◆ **Action item**:
Leaving the pictures aside, repeat the entries exactly.

◆ **Entries shown**:

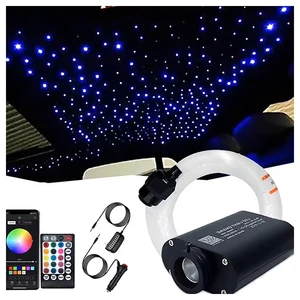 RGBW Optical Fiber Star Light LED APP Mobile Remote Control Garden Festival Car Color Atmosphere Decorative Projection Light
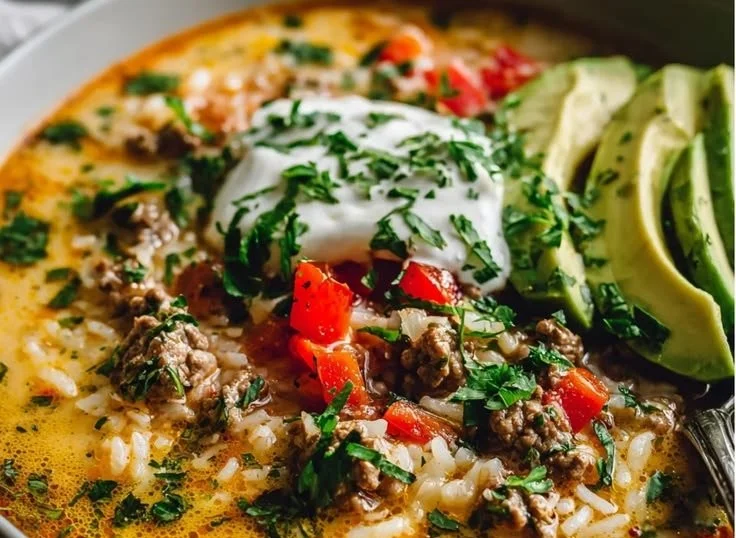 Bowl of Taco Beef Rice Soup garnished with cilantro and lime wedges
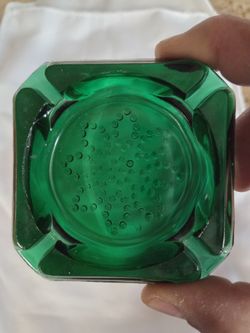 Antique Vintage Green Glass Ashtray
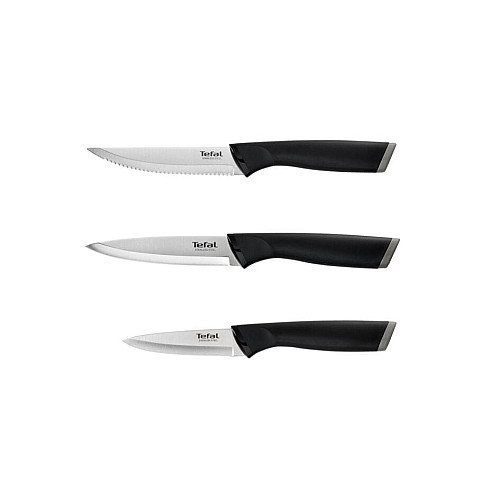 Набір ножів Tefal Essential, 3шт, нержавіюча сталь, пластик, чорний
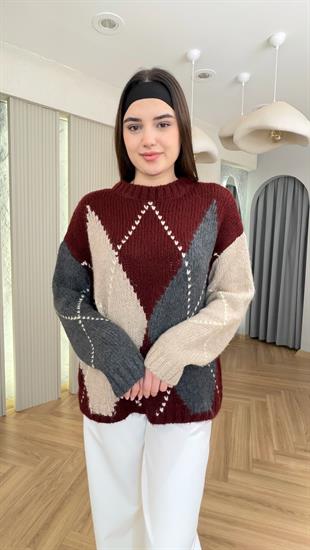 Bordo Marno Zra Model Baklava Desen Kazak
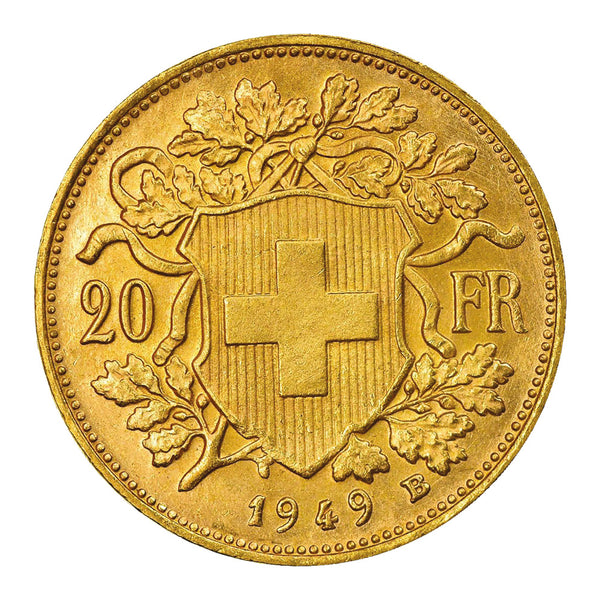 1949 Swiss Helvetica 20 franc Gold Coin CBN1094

◆ **Finished task**:
 RGBW Optical Fiber Star Light LED APP Mobile Remote Control Garden Festival Car Color Atmosphere Decorative Projection Light
 Bowl of Taco Beef Rice Soup garnished with cilantro and lime wedges
 Antique Vintage Green Glass Ashtray
 Набір ножів Tefal Essential, 3шт, нержавіюча сталь, пластик, чорний
 Bordo Marno Zra Model Baklava Desen Kazak
 1949 Swiss Helvetica 20 franc Gold Coin CBN1094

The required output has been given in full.